Professional Carpet Cleaning Methods – Steam Cleaning and Dry Cleaning Comparison
You’ve decided to have your carpets professionally cleaned – and suddenly you have to choose between different types of cleaning methods. Don’t worry; this quick guide will have you deciding between them like a pro.
Also known as: Hot Water Extraction, HWE.
This is the most common method for home carpet cleaning. Hot water and detergent are sprayed onto the carpet in the first pass, loosening dirt and other debris. On the second pass, the dirty water is sucked up, or extracted, at high pressure. A third pass is usually required to rinse the carpets and remove any lingering detergent.
Pros: This is the most effective cleaning method for residential carpets. It removes most dirt and allergens.
Cons: Carpets cleaned using hot water extraction can take up to 24 hours to fully dry.
Dry Cleaning Methods
Dry carpet cleaning methods aren’t necessarily water-free, but they do feature much quicker drying times than steam or hot water extraction cleaning. Quick drying times make these methods ideal for business uses, when it would be impossible to close down for days while the carpets were cleaned.
Dry cleaning methods fall into two categories:
- Host Carpet Cleaning
- Bonnet Cleaning
Host Carpet Cleaning (also known as Absorbent Compound Cleaning) involves spreading a damp compound on the carpet. This attracts and absorbs surface dirt. Once it has had a chance to work, you simply vacuum up the compound and consider the carpet cleaned.

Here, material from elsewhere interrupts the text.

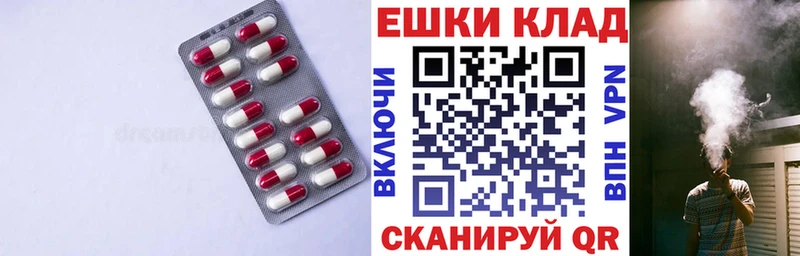 Ecstasy ешки  ОМГ ОМГ вход  Нижний Ломов  где купить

Bonnet Cleaning is a bit more involved than Absorbent Compound Cleaning, although it works on the same principal. First, a professional carpet cleaning team will spray the carpet with an absorbent cleaning solution. This will break down dirt deposits and loosen them from carpet fibers. Next, the cleaning team will use a buffer with an absorbent pad called a bonnet to scrub the carpet and absorb the cleaning solution in one step.
Pros: Fast drying times, because there is very little water involved.
Cons: Dry cleaning methods are not effective at removing soil that has soaked into the carpet pad or deeply ground-in stains.